Pulitzer-winning novelist visits campus
February 10, 2005
Prizewinning novelist Edward P. Jones’s description of his qualifications to tell one of the most celebrated stories of the year sounded simple: “just being a big liar.”
Jones’s literary work, however, is far from simple. His best selling novel, “The Known World,” which won the 2004 Pulitzer Prize for fiction, explores the complexities of the relationships between slaves and their owners in an imagined county in the antebellum South.
Jones appeared on campus on Feb. 3 as the first artist in the University’s seventh annual Literary Festival.
“Fiction is all about trying to tell the biggest lie in order to tell the greatest truth,” Jones told the audience, who gathered in the Villanova Room on Feb. 3 to hear him read from his acclaimed novel, “The Known World,” and from two of his short stories.
The author claims to have done no research for his historically set novel, saying research is overrated as a novelist’s tool.
Jones explained that he had been forming the epic in his mind for about 10 years while he worked a completely unrelated day job. When he initially set out to write the novel, he intended to do historical research but never followed through.
If he had done research, he would have felt required to share all the facts he found with his reader, preventing him from telling his own story, he said.
The novel instead uses invented facts and figures and imaginary places to lend authenticity to the narrative.
The unassuming writer, who spent the 10 years prior to the publication of his novel writing for a tax trade publication, said his writing is not always on his mind, as one might expect.
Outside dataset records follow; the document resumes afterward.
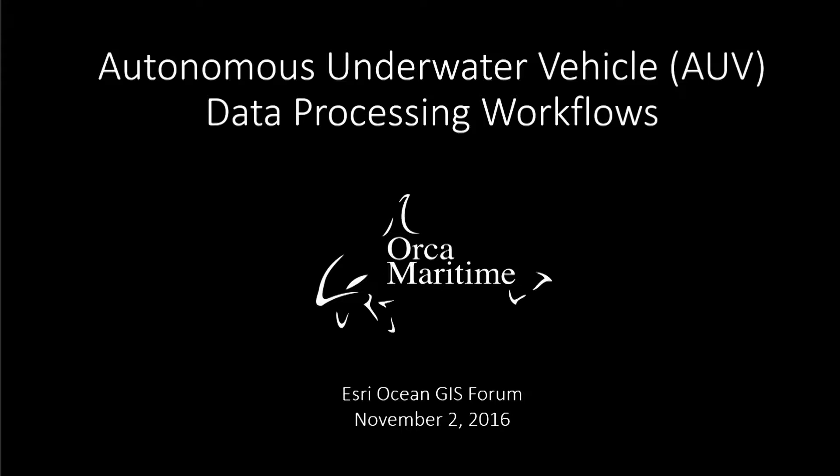Hello, I'm Nate Novak from Orca Maritime Incorporated in Imperial Beach. Today I'm going to be talking to you about autonomous underwater vehicle data processing workflows.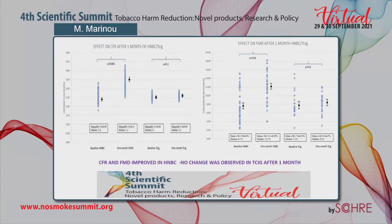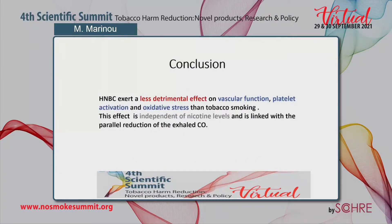As we can see here, CFR and FMD improved in the HNBC group and did not change in the tobacco cigarette group after one month. In conclusion, HNBC exerts a less detrimental effect on vascular function, platelet activation, and oxidative stress than tobacco smoking. This effect is independent of nicotine levels and is linked with the parallel reduction of exhaled CO.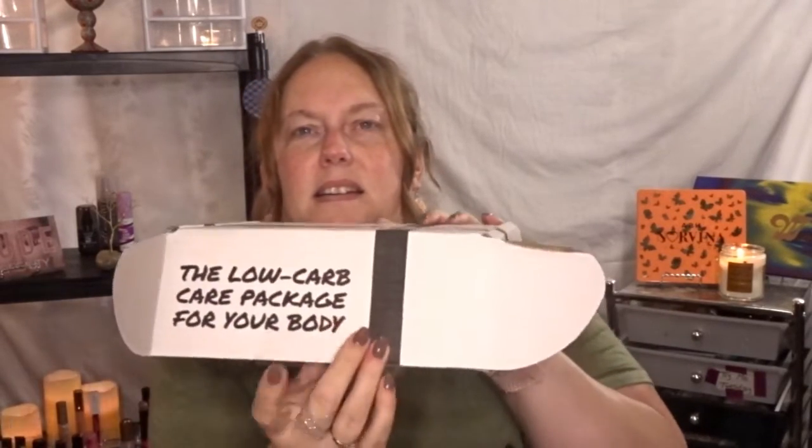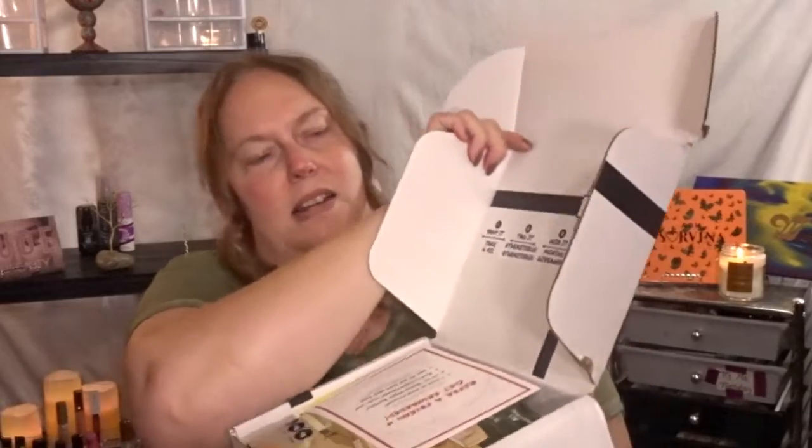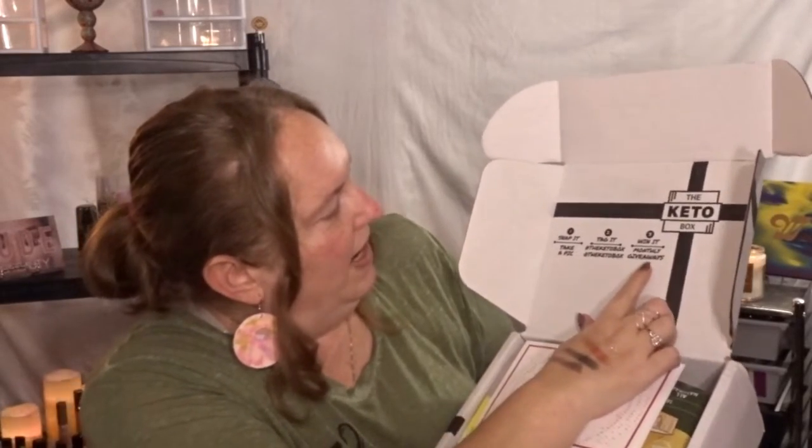Alright, let's bust into this bad boy. It says the low carb care package for your body right there. Now we're going to open her up.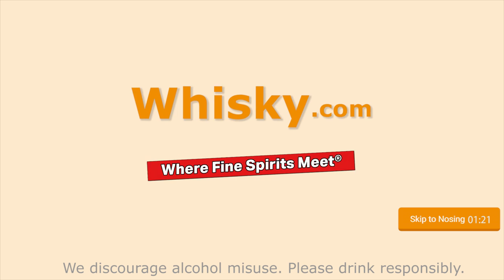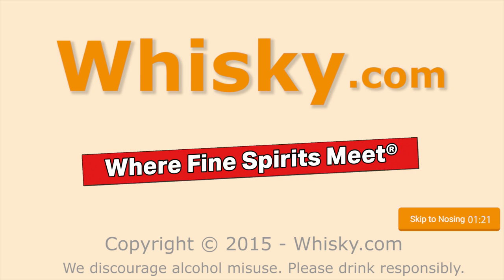Smoke! Hello and welcome to Whiskey.com, where fine spirits meet. My name is Lüning, Horst Lüning, and I'm the master taster of Whiskey.com.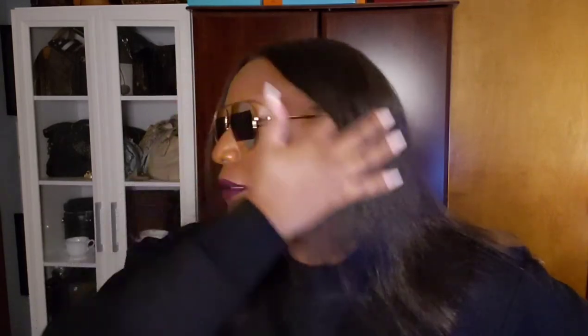This is what they look like on, and I love them. I love a good pair of aviators — if there's any type of sunglasses I know will look good on me, it's always the aviators. Always.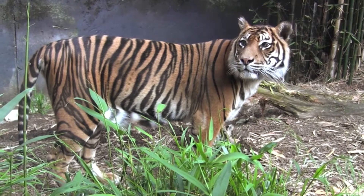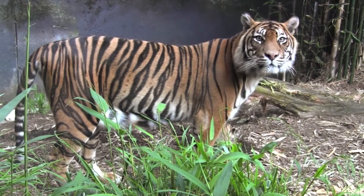Sumatran tigers live in Sumatran forests. With less forest, tigers have little food, it is harder to find a mate, and it's almost impossible to hide from poachers.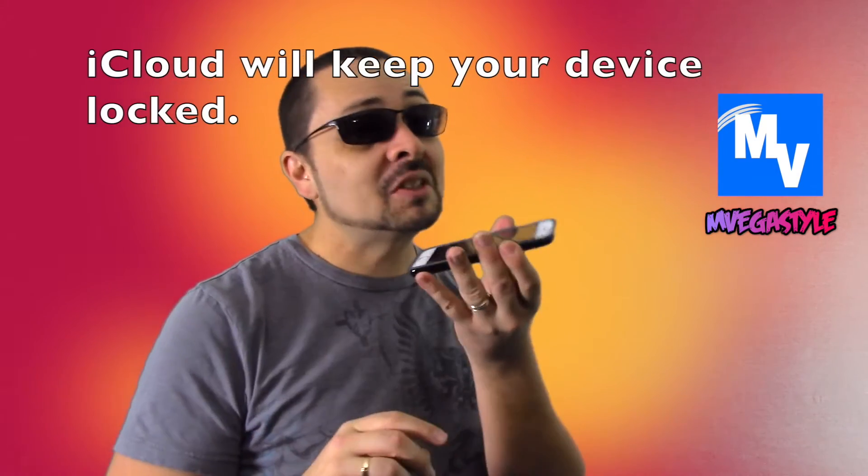You're watching the InvegaStyle and today I'm going to tell you the truth about restoring your Apple iPhone or your iPad. Starting with iOS 8 and above, it changed the game because they put a security patch on this — if you restored your device, you needed to know your iCloud account. If you don't have it, this is a brick.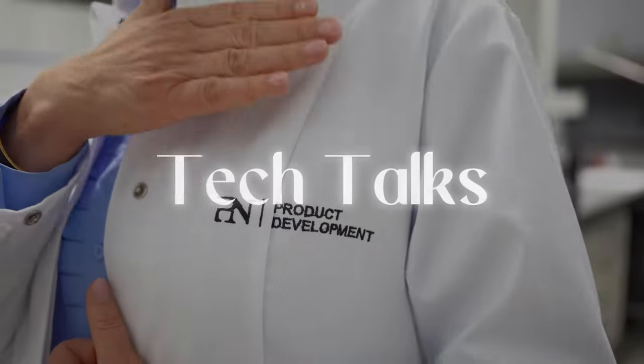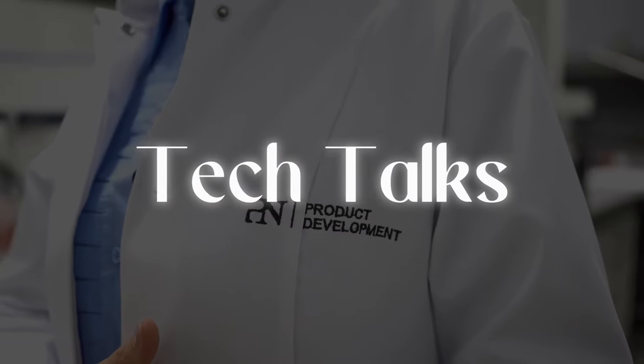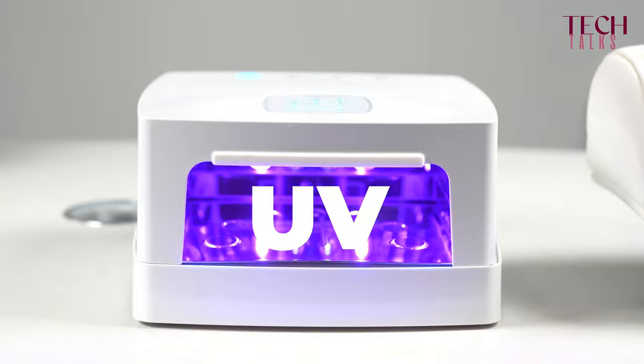Do LED nail lamps also emit UV light? Yes, they do. So even though there is a difference between UV bulbs and LED bulbs, the light emitted in your salon lamp will still fall within the UV range.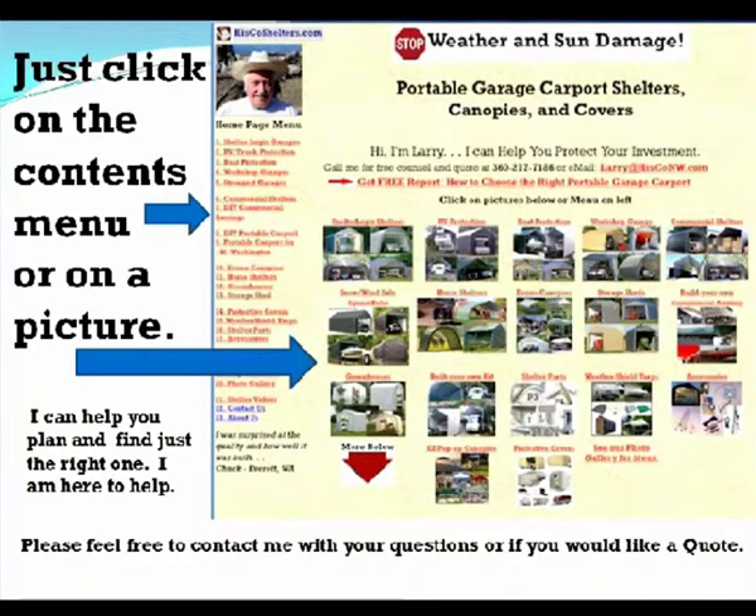You can click on the contents menu, or you can click on one of the pictures. I can help you plan and find just the right one. I'm here to help. Please feel free to contact me with your questions, or if you'd like a free quote. Thanks for your time.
“There are days when it’s no more important to me than cleaning the kitchen sink,” he said, although he admitted that creativity is difficult to stifle.
“The creative part of the brain works no matter what,” he said. “It can’t stop, because you are compelled to write. You can’t stop.”
In addition to the Pulitzer, “The Known World” has won the National Book Critics Circle Award.
The author was also recently awarded the prestigious MacArthur Fellowship to continue his creative work.
Jones received his undergraduate degree from the College of Holy Cross and his master’s degree in fine arts from the University of Virginia. He has taught at various American universities, and resides in Washington, D.C.
The Literary Festival will continue with appearances by a diverse group of artists, including novelist Karen Tei Yamashita, Irish poet Eiléan Nà Chuilleanáin, performance poet Sekou Sundiata and rocker memoirist Jacob Slichter.